## DATA PROVIDED
■ ■ ■
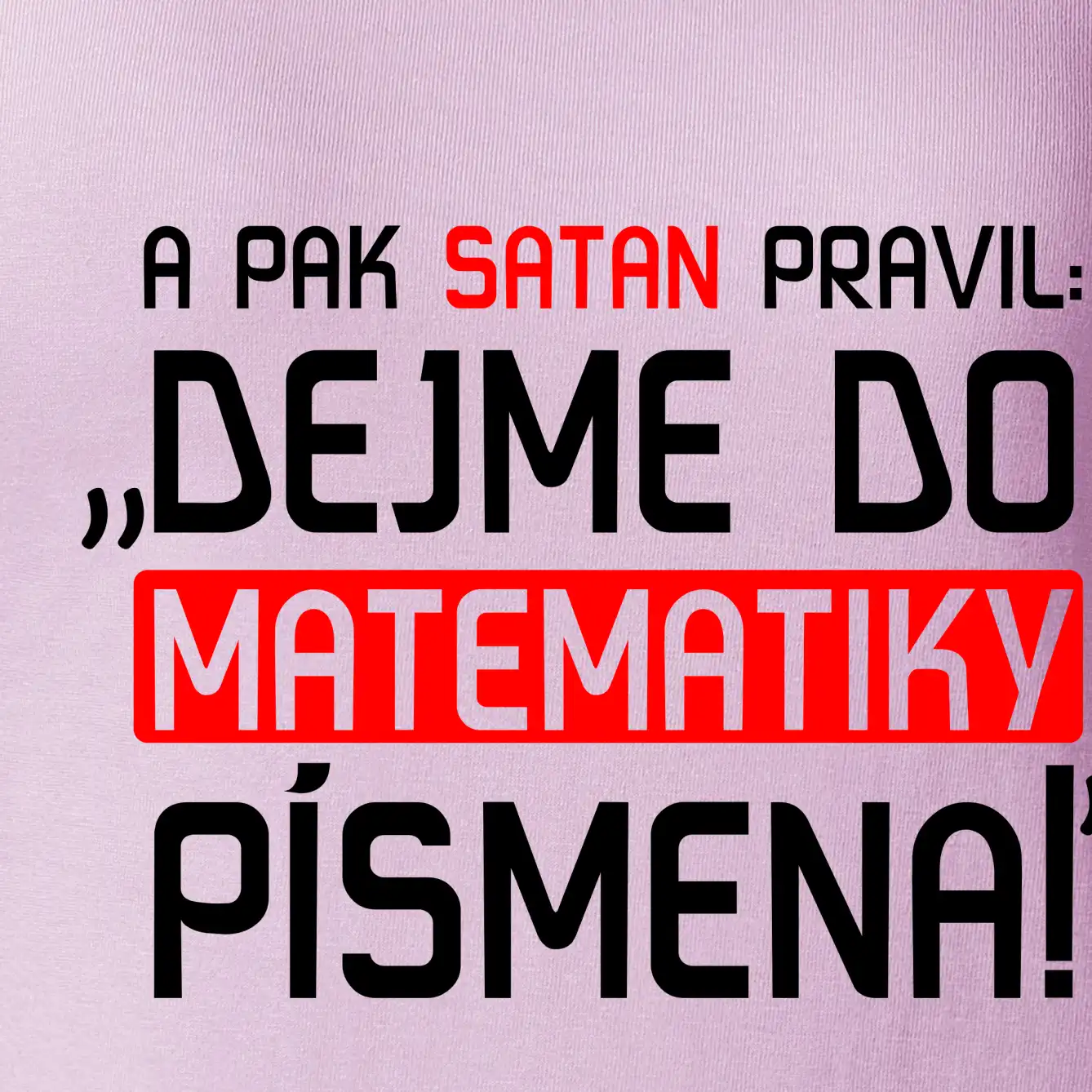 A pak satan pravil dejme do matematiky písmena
■ ■ ■
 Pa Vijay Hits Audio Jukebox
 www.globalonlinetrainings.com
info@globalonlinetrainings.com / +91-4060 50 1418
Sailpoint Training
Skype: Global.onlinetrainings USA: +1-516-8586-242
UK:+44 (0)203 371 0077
■ ■ ■
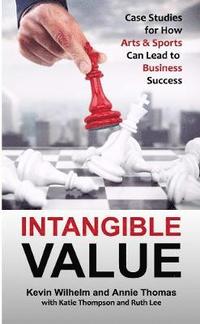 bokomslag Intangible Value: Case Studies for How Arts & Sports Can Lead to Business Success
■ ■ ■
## GOAL OF THE EXERCISE
Say how many lines of the data include the word "globalonlinetrainings". Nothing other than the number should be given.

## RESULT OF THIS EXERCISE
2